Mark Ormiston grows his own; so does Leon Shaw, Vu Phan, John Woo and many other successful high-end specialists and integrators. Why? Cultivating lovers of high-performance audio has proven to be the path to longevity and profitability in a challenging (and in some places) declining market. “Audiophiles are a waste of time” and variations on that theme are voiced throughout the specialist dealer community and that sentiment might be true more often than not when they’re someone else’s audiophiles. But when they’re your audiophiles, it can be a completely different story.
Those of us who have a passion for something can usually describe the moment when some transcendental experience forever changed us. At the tender age of 24 I casually enjoyed wine but didn’t think much about or place much value in the differences in wine. Then one night I was introduced to a 1961 Palmer Margaux and that was it. No one had to explain it to me, I didn’t need to take any classes, I just knew it was amazing and something I wanted to experience again. Sometimes these experiences come about socially, as did my discovery of fine wine; others happen by chance, like in a store as did my audio epiphany. However it happens, we know that it does happen and when it does, it is memorable and can even be life-changing.

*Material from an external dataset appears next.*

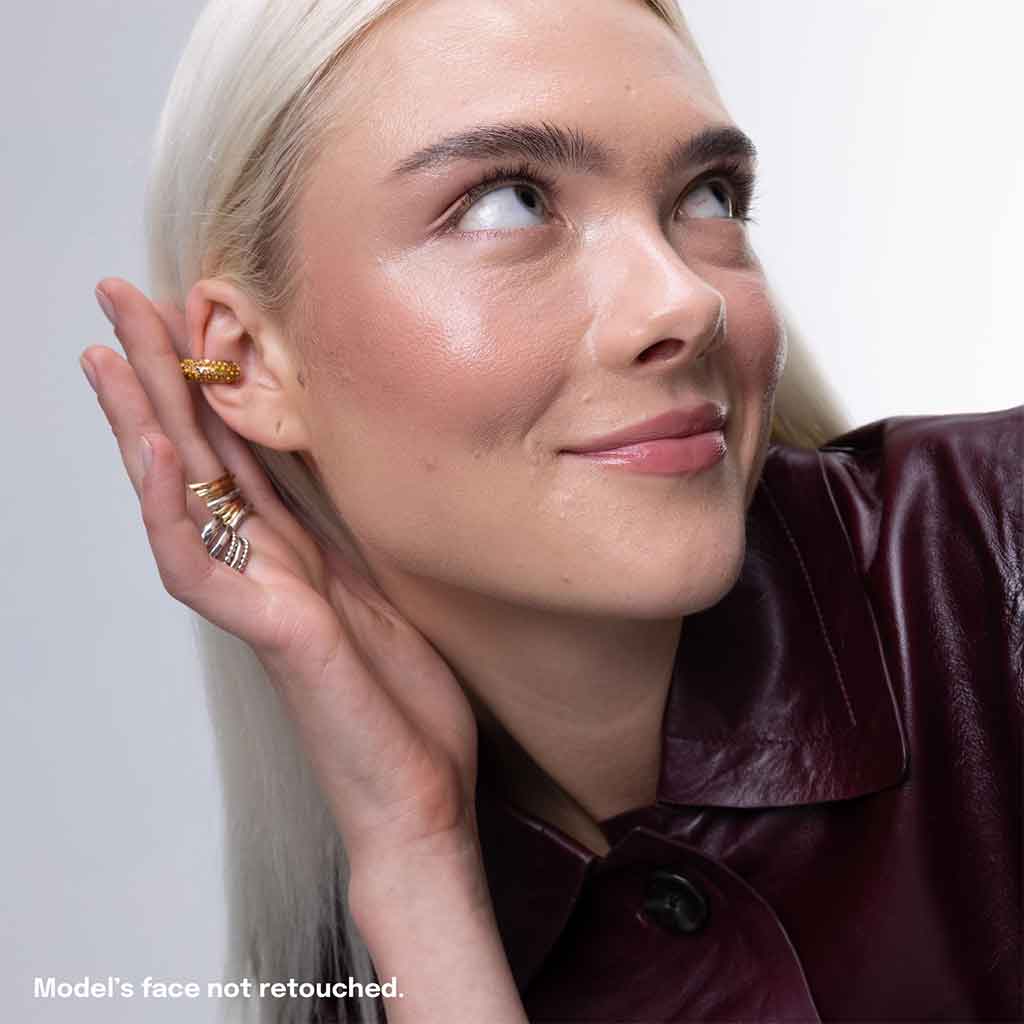 Uoga Uoga Lip & Cheek Tint Voidemainen huuli- ja poskipuna 4g - 6020 Nude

Now, take a minute and think about your best audio or theater demonstration rooms. Can you do an awe-inspiring demo? One that could change someone’s life? Be honest with yourself. Probably not. That’s a high standard, not easily met.
In my experience, most specialists put their high-end brands on the shelf and either hope or expect that the high-end buyers will come in asking for them. If that’s your plan, you’ll probably find that audiophiles are a waste of time. Take the case of someone who comes into your store for the first time because of a high-end brand that you carry. Odds are they will indeed be a waste of time or at best, a chance to turn a quick buck. Unless they’ve just moved to town, chances are they’re just looking for the best price or to spend time comparing things they’ve read about—they’re not your audiophile. If things go well, maybe you can make them your own, so give it a try. The real percentages are with those who discover their passion because of you or one of your customers. These are the ones to cultivate. How then to make them your own?

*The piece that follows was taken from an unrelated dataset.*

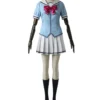 Cosrea Cosplay Costumes BanG Dream! Summer Academy Uniform Cosplay Costume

Sometimes you have the “whale” who gets blown away by your reference system demo and just says “I’ll take it” or maybe the even more endangered species who says “is there anything better you’d suggest?” (BTW, the answer to which is always yes). This is the reason you really want to have an aspirational demo system. It sets the aspirational limit you arbitrarily choose for your customers. If you set the bar too low, your best customers will either be undersold or go somewhere else for fulfillment.

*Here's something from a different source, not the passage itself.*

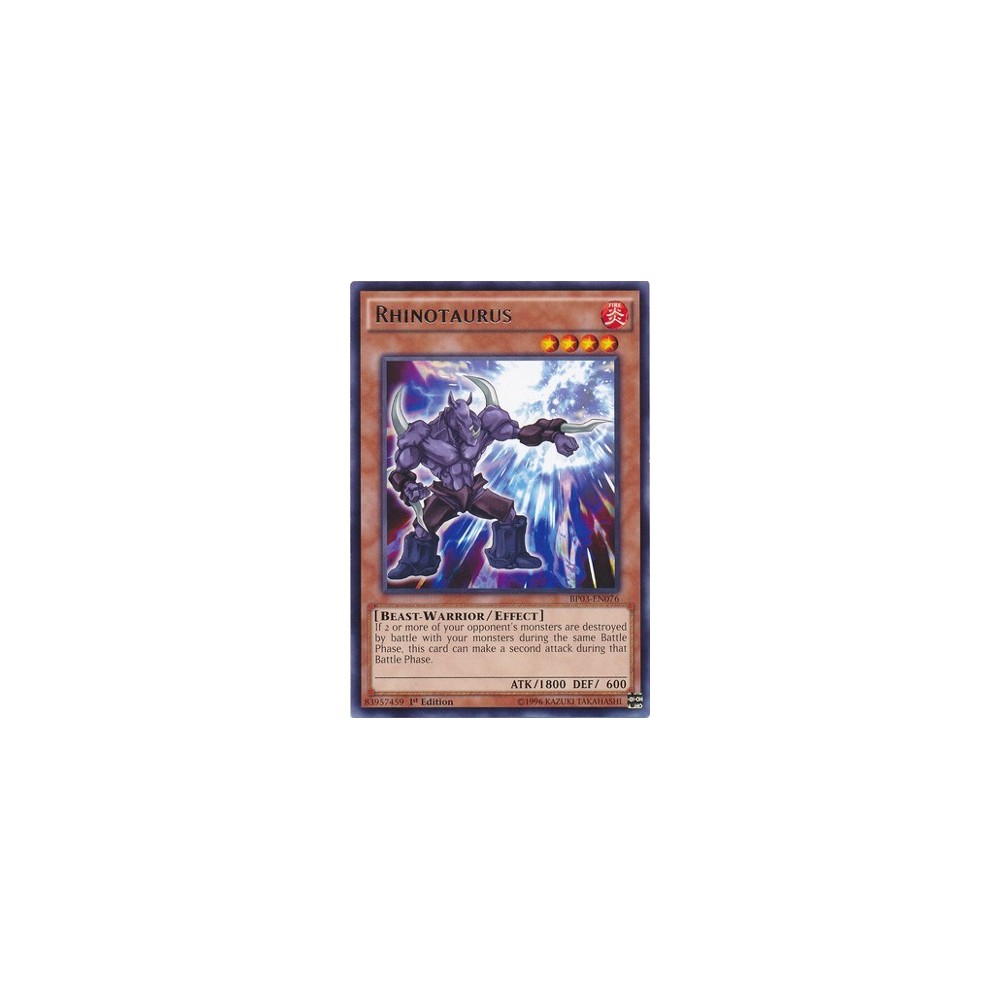 Rhinotaurus - BP03-EN076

Usually though, even well-off customers need to be worked up to your flagship system. So make it a logical and fun process that has clearly defined steps and results. Start by assembling a system that does something as well or nearly as well as the flagship. The system should have one component that is clearly better than the rest. If possible, make it one of the components from the reference system but something other than the loudspeakers, since people typically assign too much importance to them—making them an easy upgrade down the road. By focusing on an electronic component, you underscore the importance of every component in the chain and set the process in motion. The idea is to deliver a piece of the holy grail with the customer understanding which piece or pieces need to be upgraded next in order to move toward the ultimate goal. I call this selling unbalanced systems (nothing to do with balanced and single-ended signal paths). The fact that one component is better than the others creates a kind of tension that can only be eased by future purchases. It’s this tension that keeps your customers engaged in the process, enjoying their systems, listening to more music and giving you a reason to contact them periodically for component upgrades. Before you know it you’ll find yourself growing your own crop of audiophiles. They are your audiophiles, so you’ll be enjoying your time with them and harvesting the rewards for years to come.